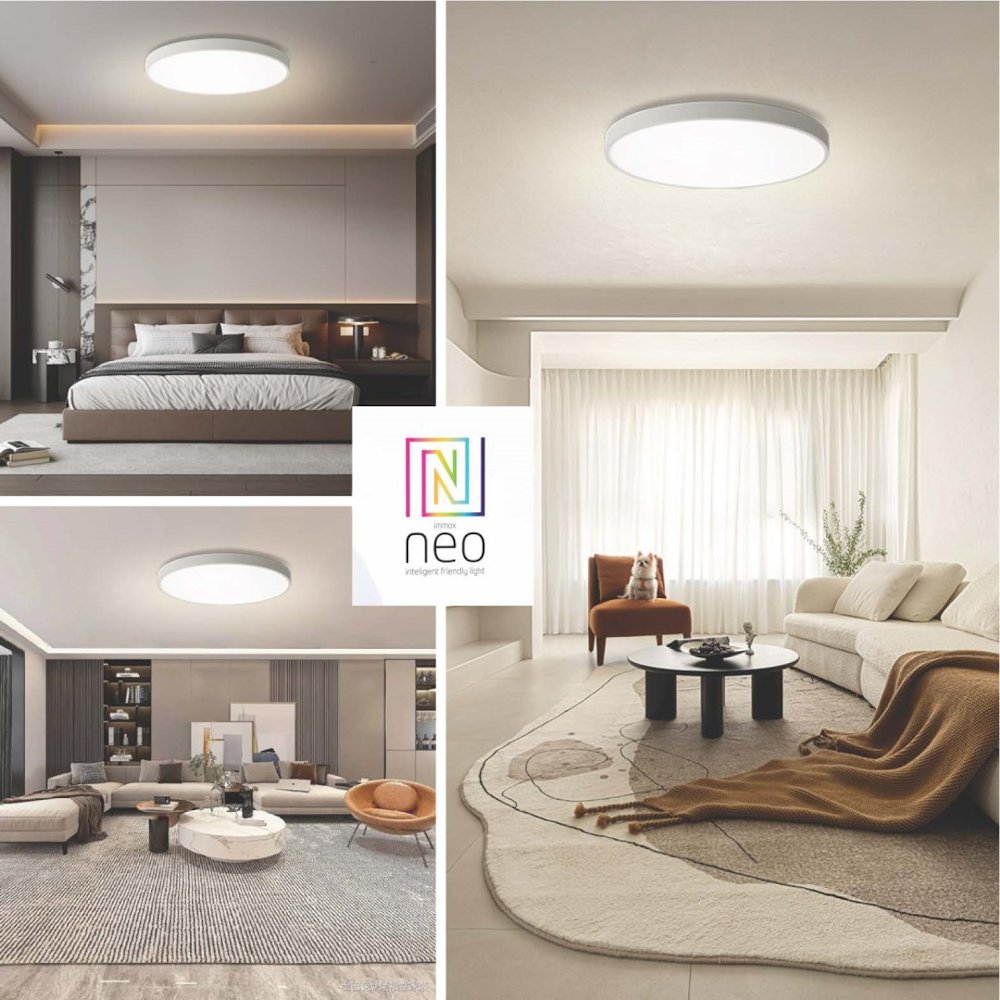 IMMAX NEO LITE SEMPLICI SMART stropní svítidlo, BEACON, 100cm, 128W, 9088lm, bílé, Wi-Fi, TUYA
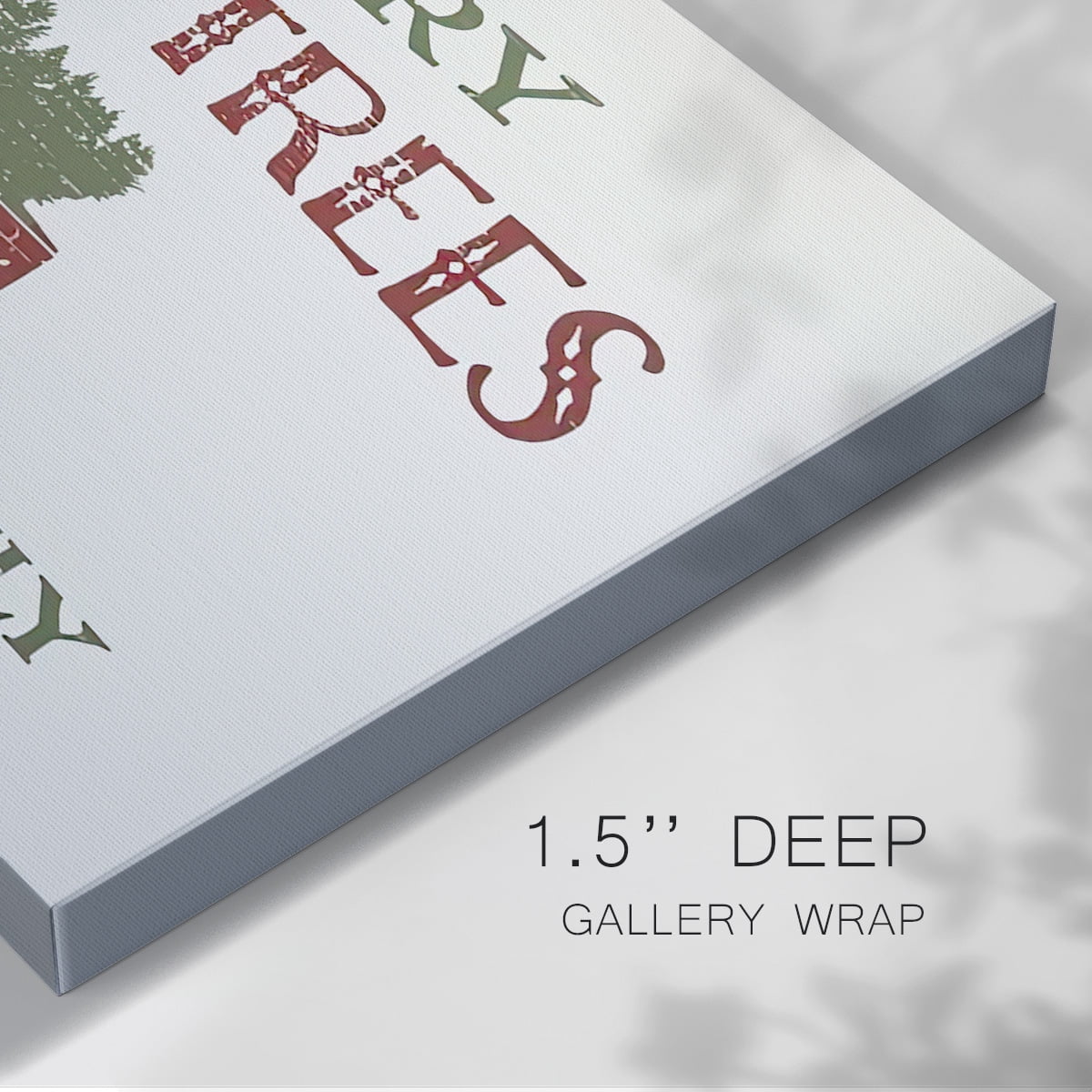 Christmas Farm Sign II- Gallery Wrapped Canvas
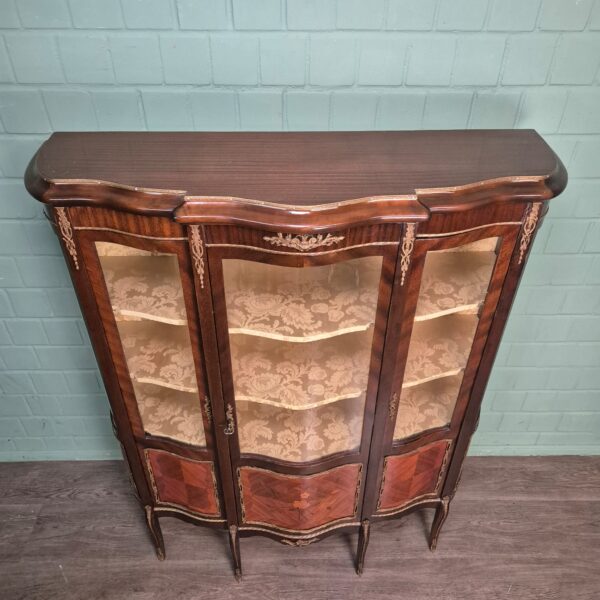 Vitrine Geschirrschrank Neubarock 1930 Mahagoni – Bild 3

^^^^^^^^

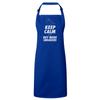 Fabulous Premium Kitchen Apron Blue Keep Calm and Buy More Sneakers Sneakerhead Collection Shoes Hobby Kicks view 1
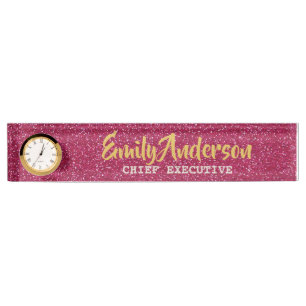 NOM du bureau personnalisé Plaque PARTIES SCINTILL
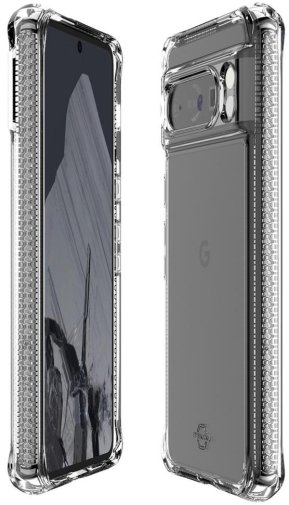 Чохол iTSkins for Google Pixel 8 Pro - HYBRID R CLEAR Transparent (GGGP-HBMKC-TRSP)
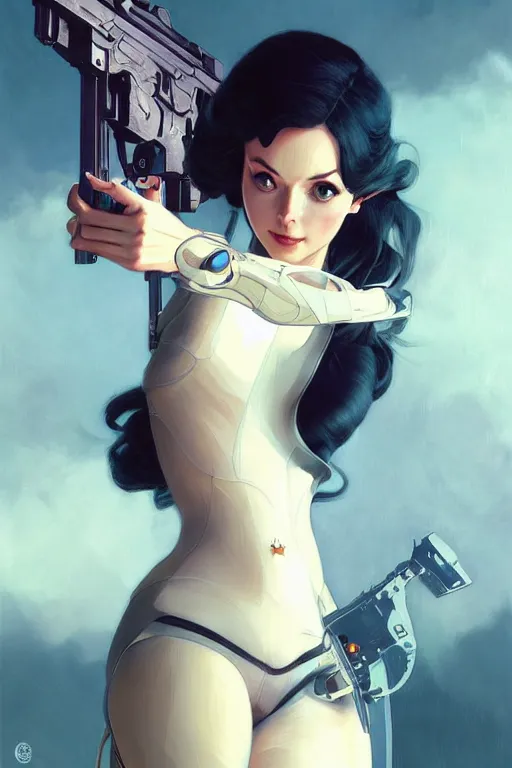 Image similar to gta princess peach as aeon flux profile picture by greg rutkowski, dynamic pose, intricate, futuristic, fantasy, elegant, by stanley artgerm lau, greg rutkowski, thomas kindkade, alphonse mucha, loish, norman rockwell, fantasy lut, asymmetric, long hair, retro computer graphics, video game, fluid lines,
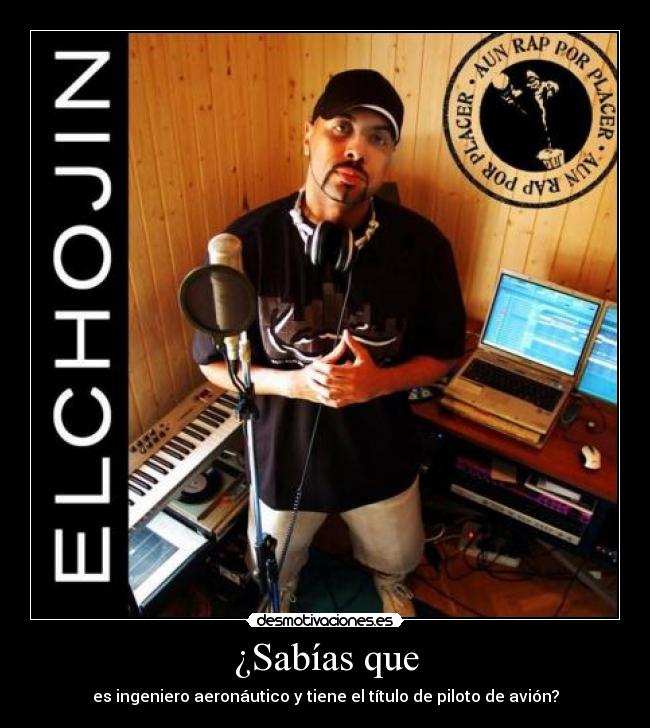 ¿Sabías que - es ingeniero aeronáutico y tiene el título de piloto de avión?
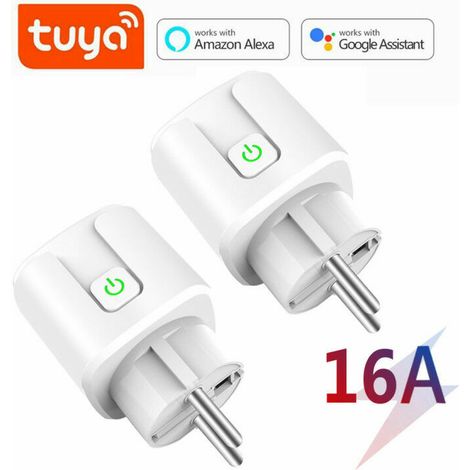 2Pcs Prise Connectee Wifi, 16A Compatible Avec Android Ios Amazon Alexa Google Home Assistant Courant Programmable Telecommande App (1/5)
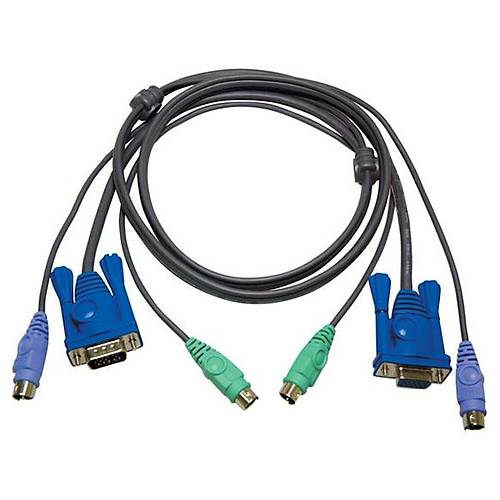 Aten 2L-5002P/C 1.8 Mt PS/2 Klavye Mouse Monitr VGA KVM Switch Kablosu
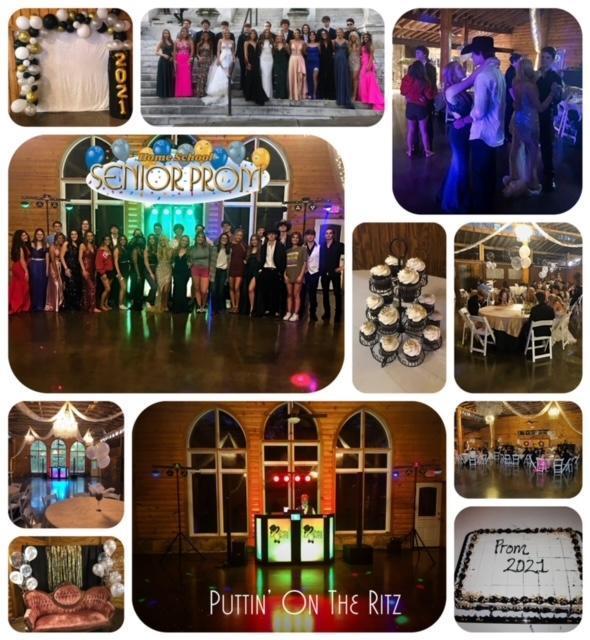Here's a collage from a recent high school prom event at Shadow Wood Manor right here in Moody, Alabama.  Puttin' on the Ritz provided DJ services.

^^^^^^^^

- _What you have to do_
Look above for the line with "IMMAX NEO LITE"; quote it and every line after it, stopping after the line with "Vitrine Geschirrschrank Neubarock", exactly, with nothing added and without pictures.

- _Reply_
 IMMAX NEO LITE SEMPLICI SMART stropní svítidlo, BEACON, 100cm, 128W, 9088lm, bílé, Wi-Fi, TUYA
 Christmas Farm Sign II- Gallery Wrapped Canvas
 Vitrine Geschirrschrank Neubarock 1930 Mahagoni – Bild 3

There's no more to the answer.